Oh truth, you greener snake, sitting on the branch opposite the other snake. The same tree.

We're all going to die! Isn't that the most fascinating thing in the world?!

It is. My mind tells me this. My mind speaks in little aphoristic fragments. It says: love, and think about death. Let the love of those around you make the thought of death less... incapacitating... and then try to answer the question.

Which question? The one begged by a meaningful and sometimes-beautiful world wherein love happens, wherein there is consciousness of death, wherein there is a lack of specific knowledge about what will come after the utterly individual death each of us will find ourselves experiencing very soon.

And if we turn into fertilizer only... Shall I go down in a blaze of glory? Or shall I try to make the soil I will become a dirt that's free of mind-numbingly stupid chemicals? A living soil.

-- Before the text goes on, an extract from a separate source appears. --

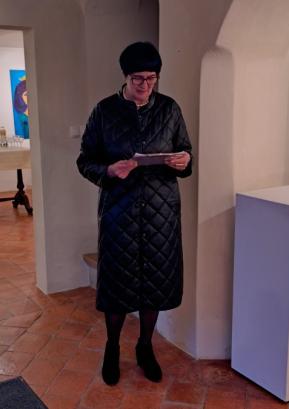 Ksenija Zmagaj predstavlja svoje slike žensk na odprtju razstave v galeriji Šubičeve hiše. FOTO: JURE FERLAN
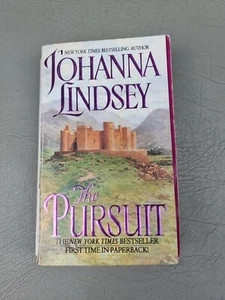 The Pursuit by Johanna Lindsey (Paperback, 2002) Book #3, Sherring Cross Series - Foto 1 di 8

If my mind blinks out permanently. But I have stories in my heart that say otherwise.

2 comments:

Ryan Hofer said...

yeah, I don't know. I went to CNN's new website and was rather shocked by how ridiculous it seemed. Is it hard to step outside the impressions of the images because if you did, you would be right in the middle of a simple organic life? Eat, sleep, talk to people you are right next to. repeat. repeat. repeat. Surely there are ways to make the immediate moments full, rather than always believing the real stuff is in the image on the billboard.

Ryan Hofer said...

is it that we can't articulate anything else which will hold things together?